Também devem ser entregues os melhoramentos na av. Faria Lima, como ciclovia e reforma das calçadas. Para 2013, a finalização do largo da Batata e do entorno do terminal, onde ruas serão alargadas.
Nos últimos anos, a região já mudou bastante. Foram inauguradas duas estações de metrô, a Faria Lima, em 2010, e a Pinheiros, um ano depois. O comércio popular vai murchando com as obras e com a falta dos clientes que desciam dos ônibus que tinham ponto final ali. Os camelôs foram removidos definitivamente pela prefeitura. Na paisagem, novos empreendimentos residenciais e comerciais.

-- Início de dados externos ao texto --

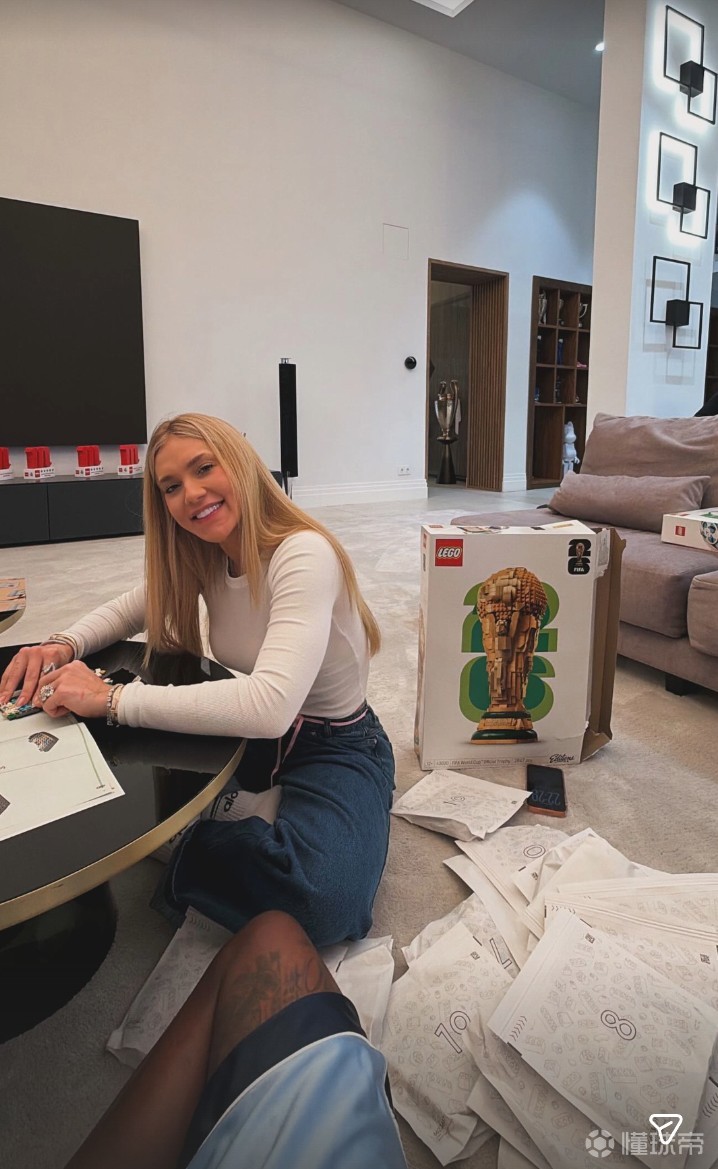 拼出梦想,维尼修斯晒照和女友一起拼乐高版大力神杯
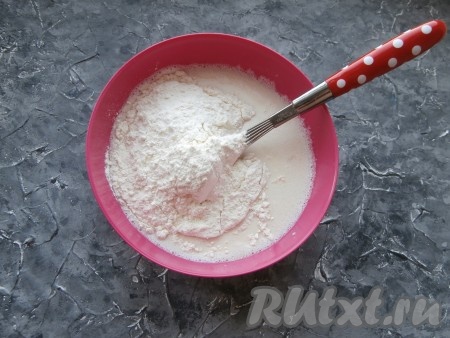 Всыпать муку.
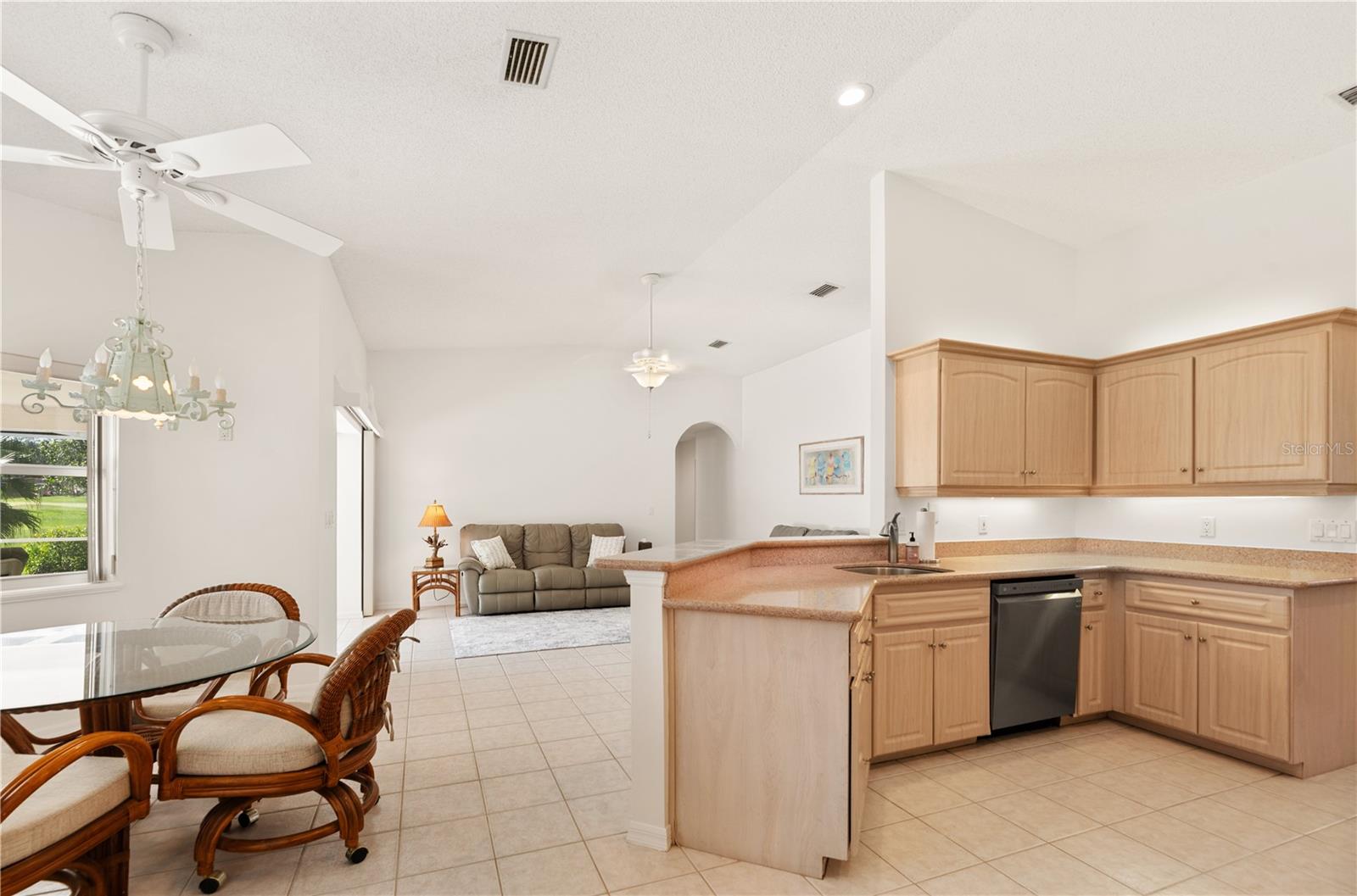 6 SUTTON CT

A requalificação dessa área, que vai consumir R$ 297 milhões, faz parte da Operação Urbana Faria Lima, criada em 1995, na gestão Paulo Maluf (então PPB), para transformar a região em polo de escritórios. Foi por meio dela que a Faria Lima se expandiu e os túneis Cidade Jardim e Rebouças nasceram. As obras são tocadas com recursos obtidos com a venda, para empresas, do direito de construir além do permitido na lei de zoneamento.
O mecanismo, no entanto, é alvo de críticas. Na visão de urbanistas, além de priorizar obras viárias e estimular o uso do carro, a ação criou uma dinâmica de supervalorização dos imóveis, o que expulsou a população mais pobre, aumentando as desigualdades na cidade. Também gerou outro desequilíbrio: hoje, a oferta de empregos é muito maior do que a de moradia.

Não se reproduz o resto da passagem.